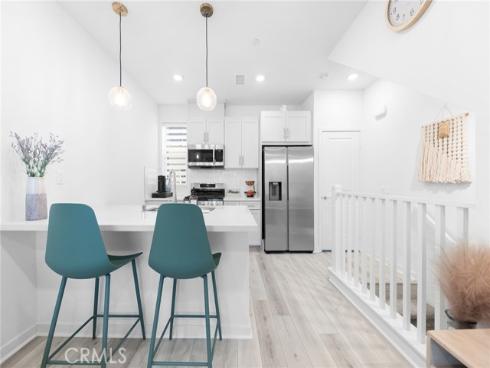 1582 Topeka Ave Unit 3 , Placentia, CA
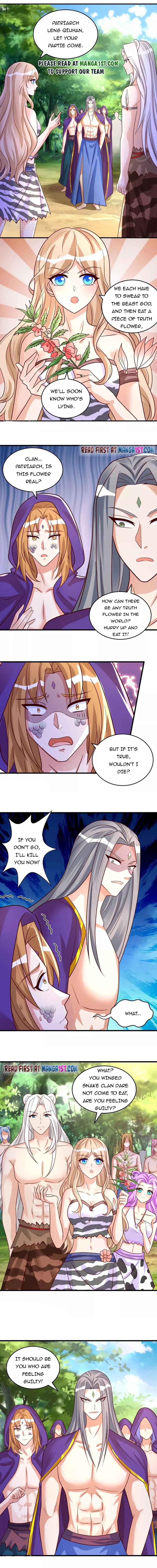 Page 1 of Chapter 91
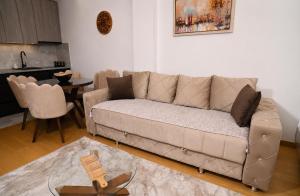 Golden Wish apartman Zlatibor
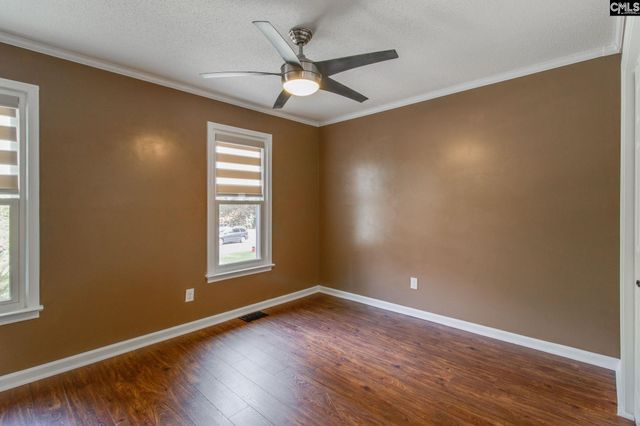 533 Willow Bend Court, Irmo, SC 29212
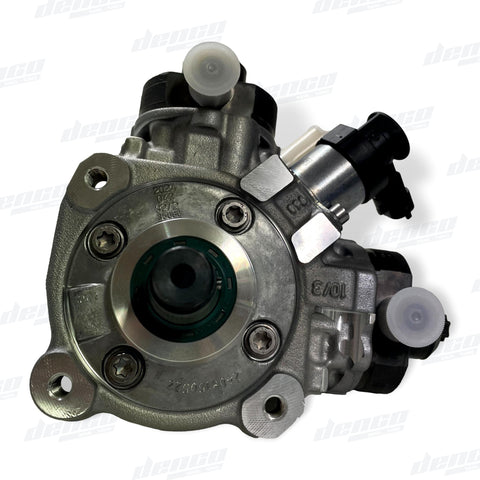 0445010876 NEW BOSCH COMMON RAIL PUMP CP4.2 FORD RANGER PY 2022- (OUTRIGHT) 0445010876 NEW BOSCH COMMON RAIL PUMP CP4.2 FORD RANGER PY 2022- (OUTRIGHT)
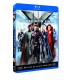 X-Men 3: The Last Stand [BLU_RAY]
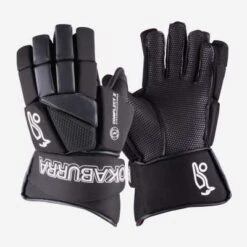 Guante Hockey Penalti Kookaburra Conflict Negro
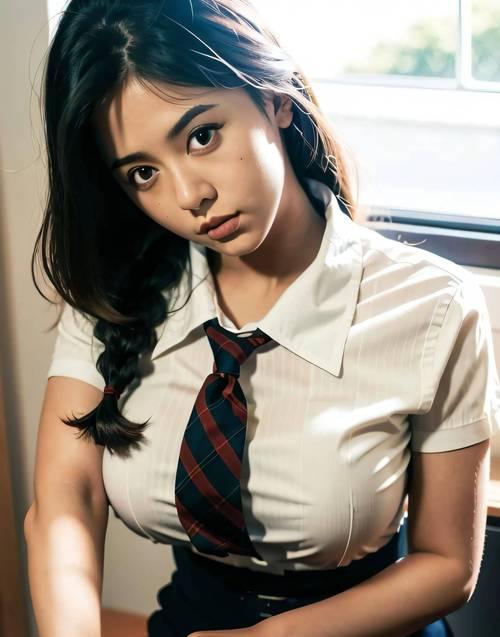 dota几年的nada为什么只打英文，《迈达斯之手》何时上映？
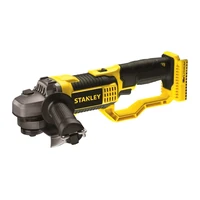 Углошлифовальная машина Stanley STSC1840-RU1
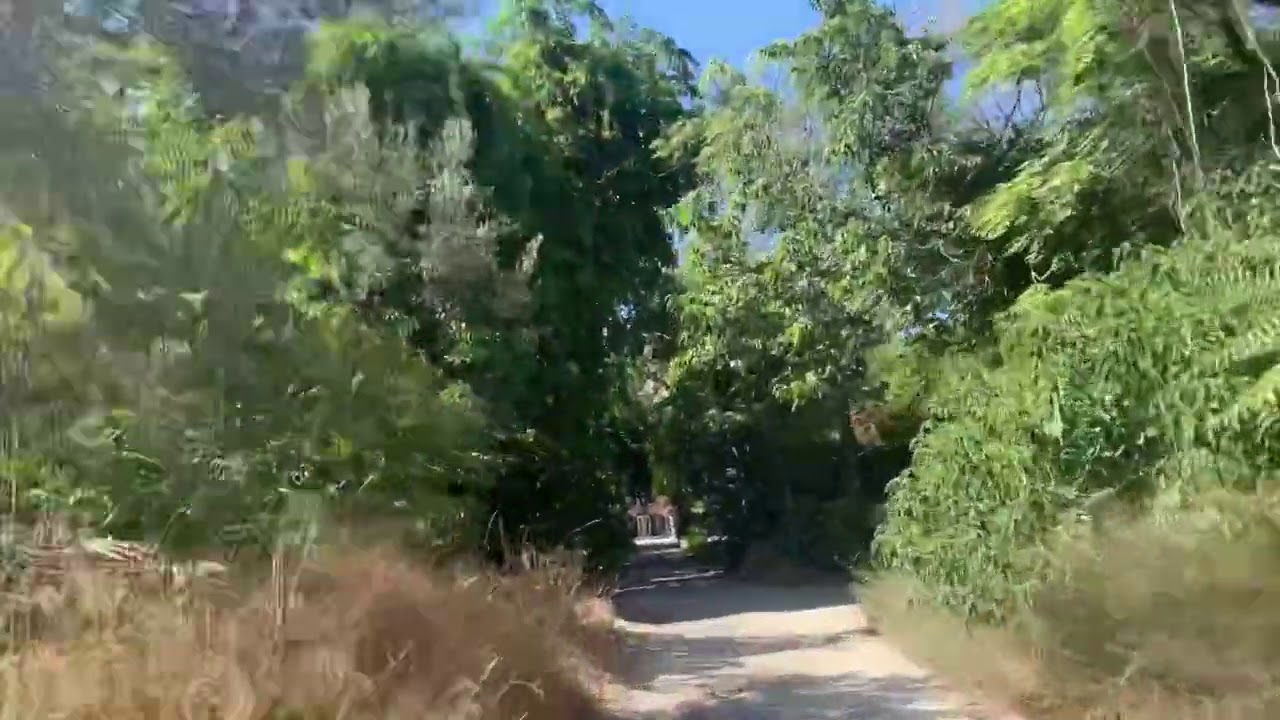 villa bordonaro ai colli, palermo, sicilia, italia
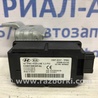 Блок управления Hyundai i30 GD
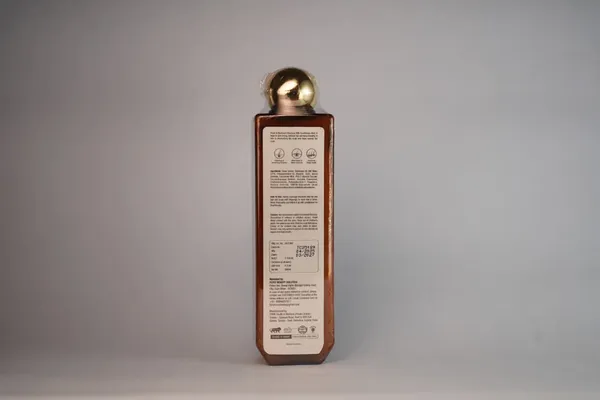 Onion_And_Black_Seed_Shampoo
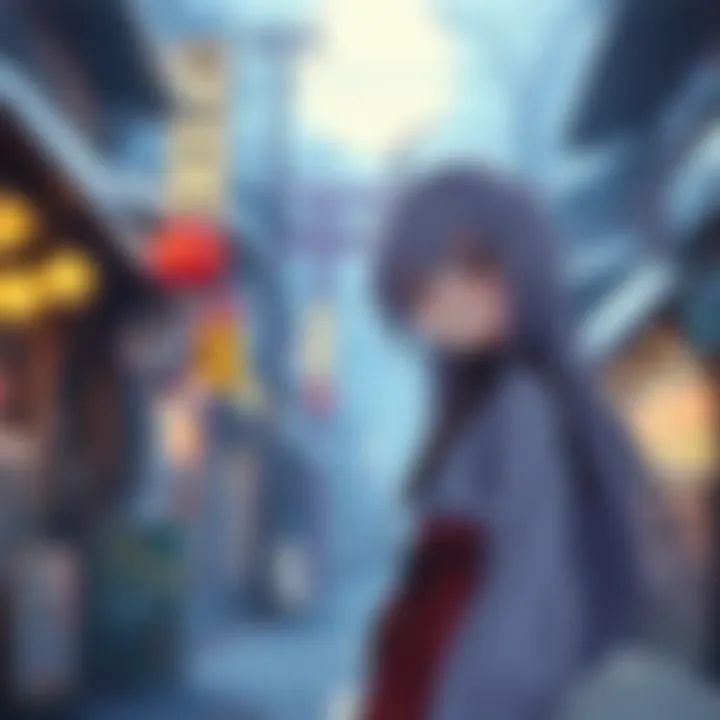 Comprehensive Guide to Shiro no Yakata APK 2 Download Summary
■ ■ ■
Could you return all of the entries above exactly, without any images?

 1582 Topeka Ave Unit 3 , Placentia, CA
 Page 1 of Chapter 91
 Golden Wish apartman Zlatibor
 533 Willow Bend Court, Irmo, SC 29212
 0445010876 NEW BOSCH COMMON RAIL PUMP CP4.2 FORD RANGER PY 2022- (OUTRIGHT) 0445010876 NEW BOSCH COMMON RAIL PUMP CP4.2 FORD RANGER PY 2022- (OUTRIGHT)
 X-Men 3: The Last Stand [BLU_RAY]
 Guante Hockey Penalti Kookaburra Conflict Negro
 dota几年的nada为什么只打英文，《迈达斯之手》何时上映？
 Углошлифовальная машина Stanley STSC1840-RU1
 villa bordonaro ai colli, palermo, sicilia, italia
 Блок управления Hyundai i30 GD
 Onion_And_Black_Seed_Shampoo
 Comprehensive Guide to Shiro no Yakata APK 2 Download Summary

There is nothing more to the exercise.